Dataset excerpts:

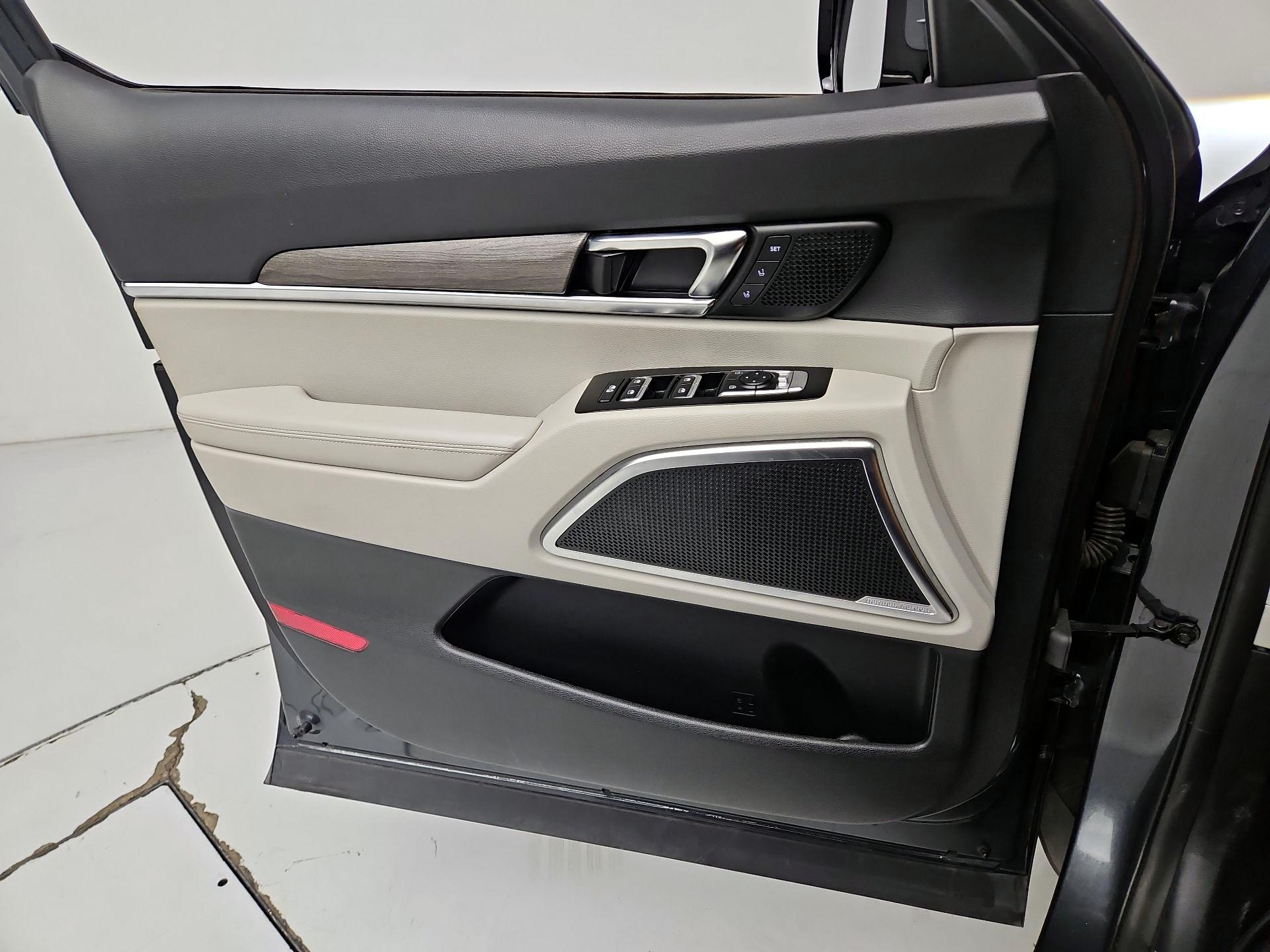 Thumbnail: 2020 Kia Telluride - 12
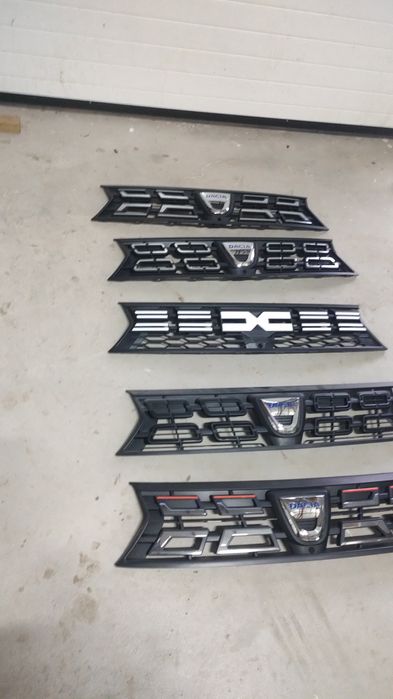 Grila bara fata Dacia Duster 2 2018-2024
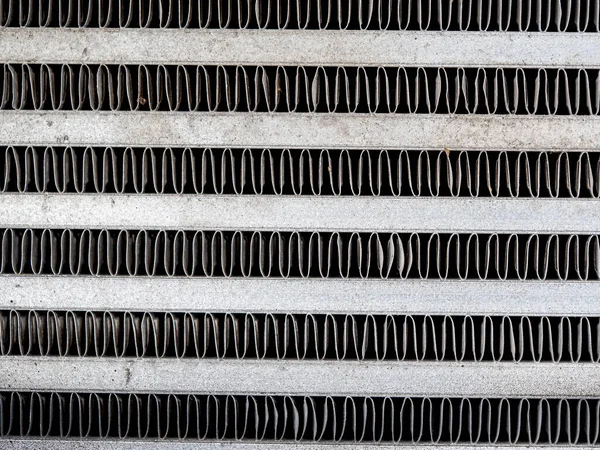 Kaloriferin metal ızgarası eski ve pullu.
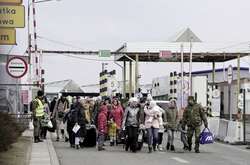 Українці рятуються від бомбардувань та обстрілів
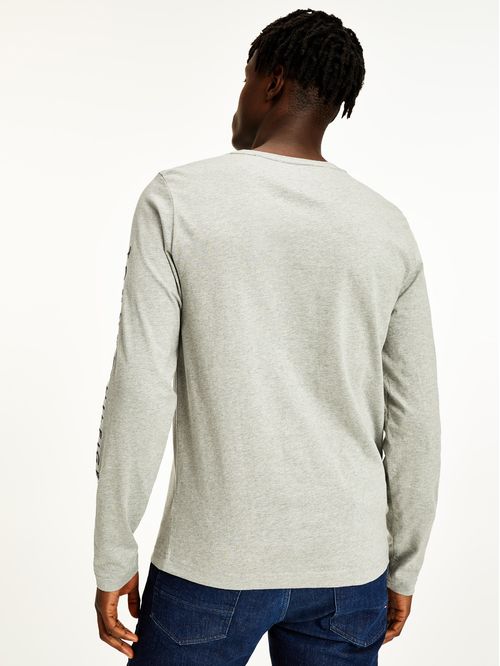 CAMISETA TOMMY LOGO LONG SLEEVE TEE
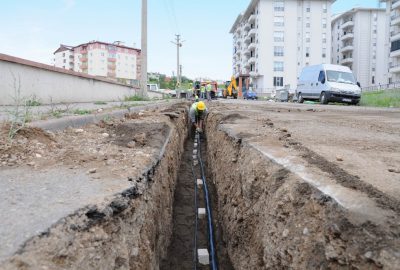 ÇEDAŞ, havai elektrik hatlarını yer altına alıyor
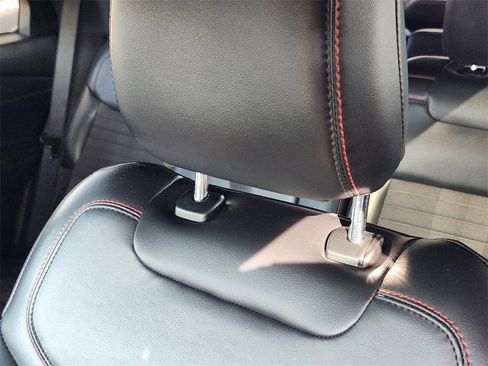 Used 2025 Ford Explorer ST-Line image 14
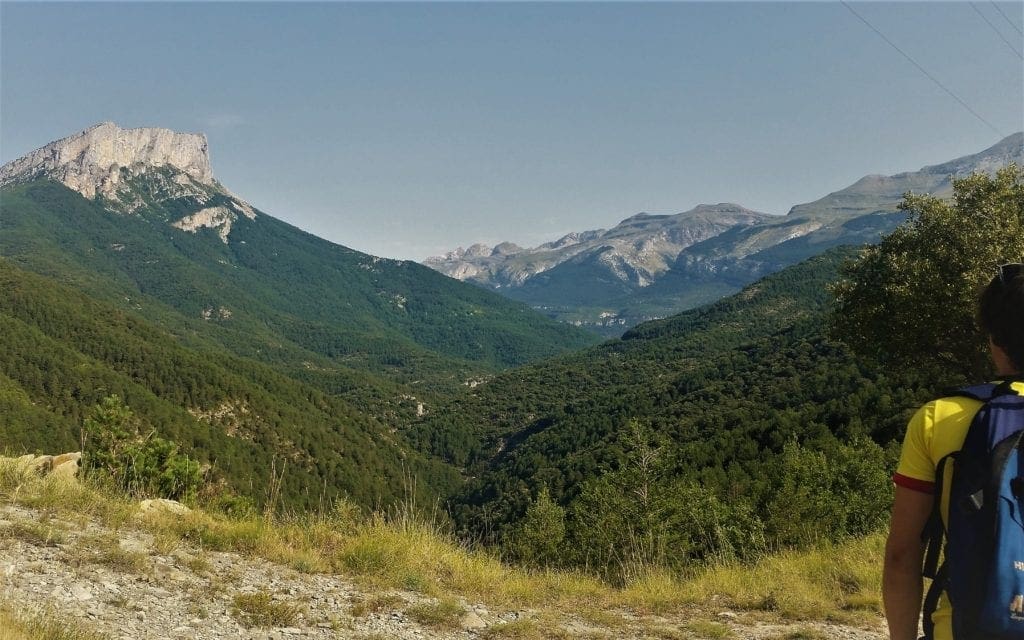 Viewing the Monte Perdido massif from the trail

Work required: Repeat the entries exactly as they are given, leaving out each image.

Exercise output:
 Thumbnail: 2020 Kia Telluride - 12
 Grila bara fata Dacia Duster 2 2018-2024
 Kaloriferin metal ızgarası eski ve pullu.
 Українці рятуються від бомбардувань та обстрілів
 CAMISETA TOMMY LOGO LONG SLEEVE TEE
 ÇEDAŞ, havai elektrik hatlarını yer altına alıyor
 Used 2025 Ford Explorer ST-Line image 14
 Viewing the Monte Perdido massif from the trail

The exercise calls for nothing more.